* _TASK BRIEF_:
At the line containing "this 640×480 image.", begin an exact copy of the lines below and continue through the final one, with no pictures.
DATA RECORDS START
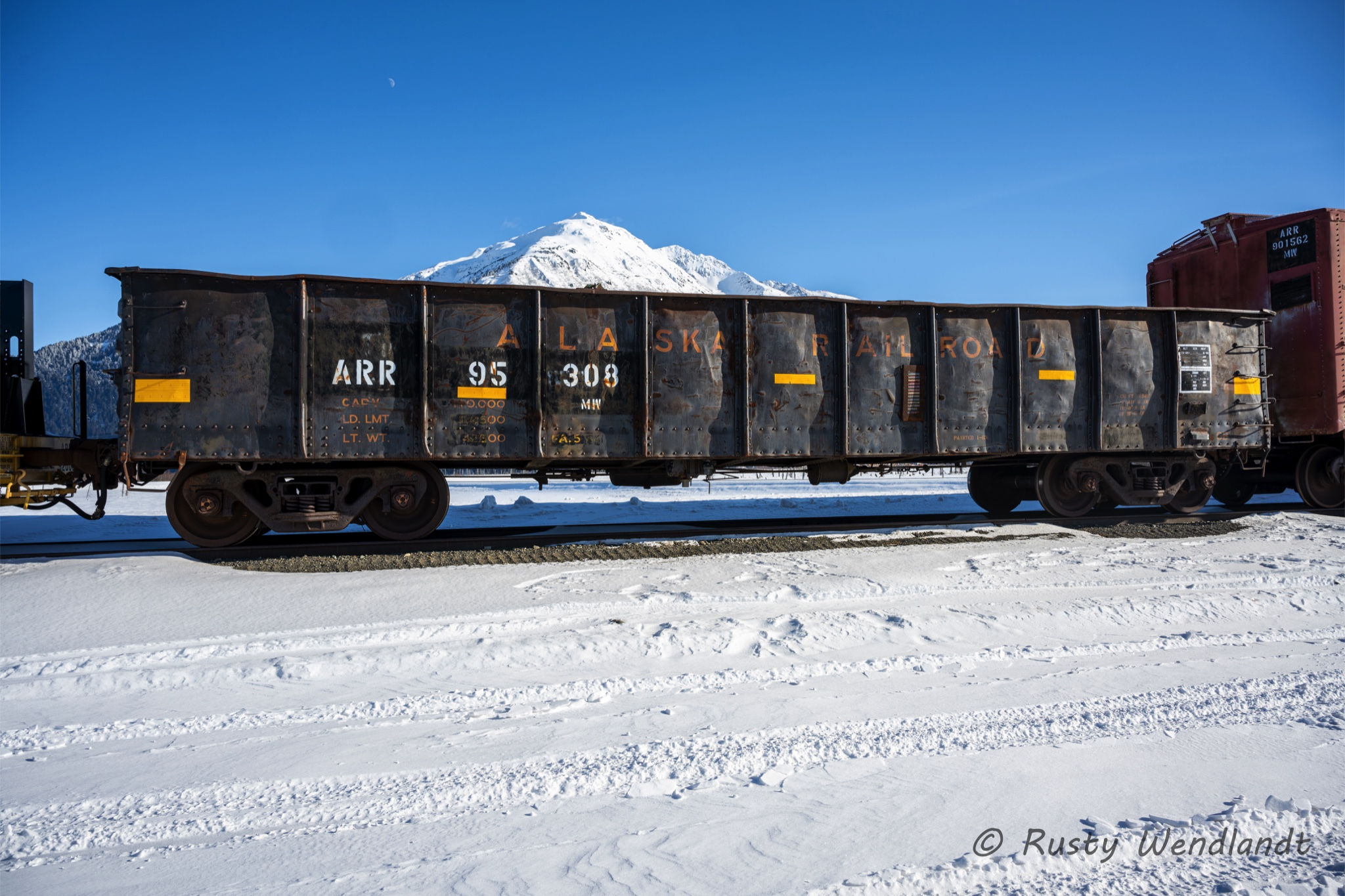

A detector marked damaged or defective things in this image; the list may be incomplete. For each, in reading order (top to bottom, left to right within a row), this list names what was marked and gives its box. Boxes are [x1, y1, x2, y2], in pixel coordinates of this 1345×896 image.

rusty gondola railcar [104, 266, 1269, 547]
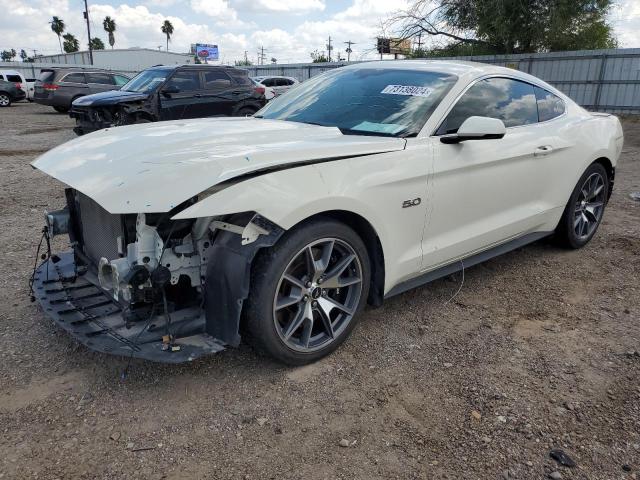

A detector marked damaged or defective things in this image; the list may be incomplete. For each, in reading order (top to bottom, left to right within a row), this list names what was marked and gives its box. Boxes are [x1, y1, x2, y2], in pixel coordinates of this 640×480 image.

crumpled hood [72, 90, 149, 107]
crumpled hood [31, 116, 404, 214]
damaged bumper [33, 253, 228, 362]
broken headlight area [30, 189, 280, 362]
severe front damage [31, 118, 404, 362]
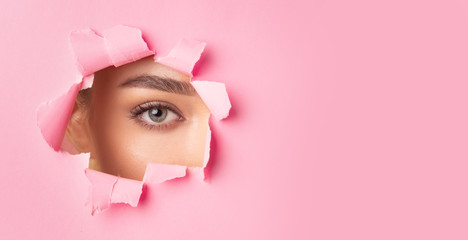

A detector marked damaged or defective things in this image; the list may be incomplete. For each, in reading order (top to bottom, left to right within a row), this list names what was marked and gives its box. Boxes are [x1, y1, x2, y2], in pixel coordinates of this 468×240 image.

ragged paper tear [37, 25, 231, 215]
torn paper edge [37, 25, 231, 215]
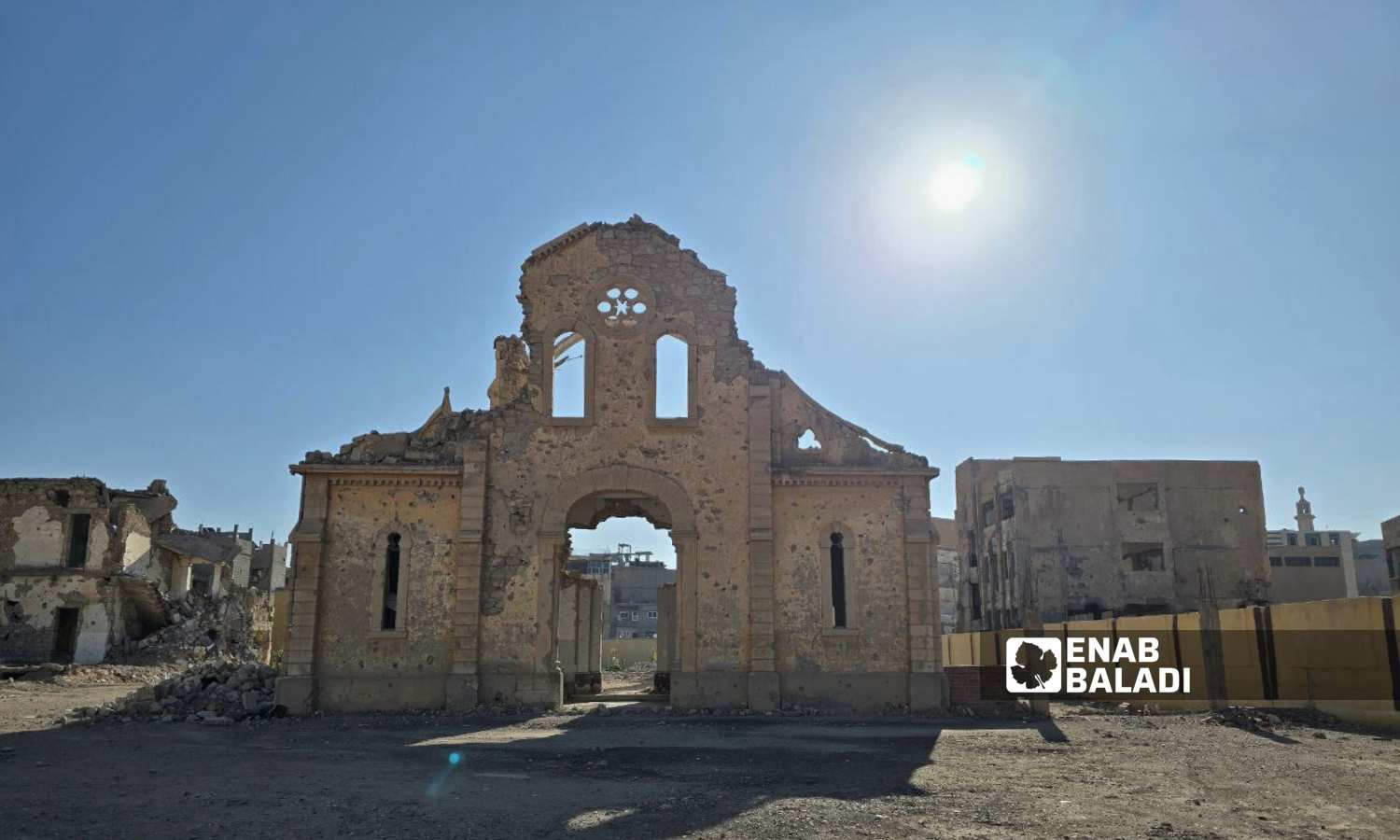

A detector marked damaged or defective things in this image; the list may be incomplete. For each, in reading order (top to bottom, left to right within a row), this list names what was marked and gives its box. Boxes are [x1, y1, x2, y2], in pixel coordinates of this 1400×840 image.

damaged building [278, 217, 946, 714]
damaged building [958, 459, 1277, 630]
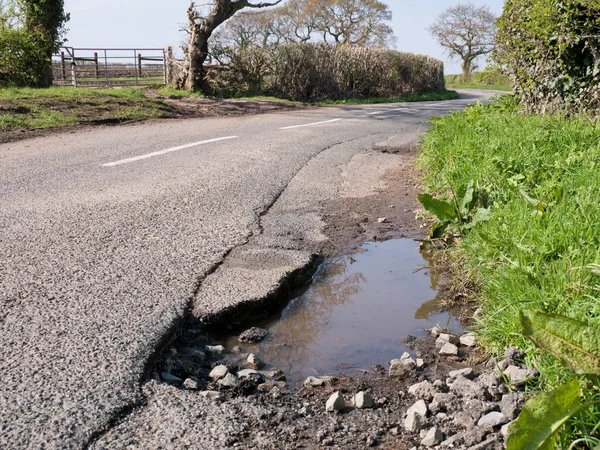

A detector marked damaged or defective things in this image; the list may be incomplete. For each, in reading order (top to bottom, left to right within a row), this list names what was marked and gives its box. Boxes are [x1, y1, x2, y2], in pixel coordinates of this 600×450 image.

cracked asphalt [0, 89, 494, 448]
DATA RECORDS END
* _TASK RESULT_:
A detector marked damaged or defective things in this image; the list may be incomplete. For each, in reading order (top to bottom, left to right within a row), this list names what was marked and gives its box. Boxes are [x1, y1, x2, y2], in pixel coordinates of this 640×480 image.

crumpled hood [72, 90, 149, 107]
crumpled hood [31, 116, 404, 214]
damaged bumper [33, 253, 228, 362]
broken headlight area [30, 189, 280, 362]
severe front damage [31, 118, 404, 362]

A detector marked damaged or defective things in this image; the list may be incomplete. For each, in reading order (top to bottom, left to right within a row), this list names what was marked and gives its box. Boxes are [x1, y1, x2, y2], in pixel coordinates of this 468×240 image.

ragged paper tear [37, 25, 231, 215]
torn paper edge [37, 25, 231, 215]

A detector marked damaged or defective things in this image; the list may be incomplete. For each, in reading order (top to bottom, left to right within a row), this list names what was marked and gives its box. Boxes are [x1, y1, x2, y2], in pixel coordinates of this 1400×840 image.

damaged building [278, 217, 946, 714]
damaged building [958, 459, 1277, 630]

A detector marked damaged or defective things in this image; the list may be incomplete. For each, in reading order (top to bottom, left to right within a row), this list names what was marked and gives its box. Boxes are [x1, y1, x2, y2], in pixel coordinates of this 600×450 image.

cracked asphalt [0, 89, 494, 448]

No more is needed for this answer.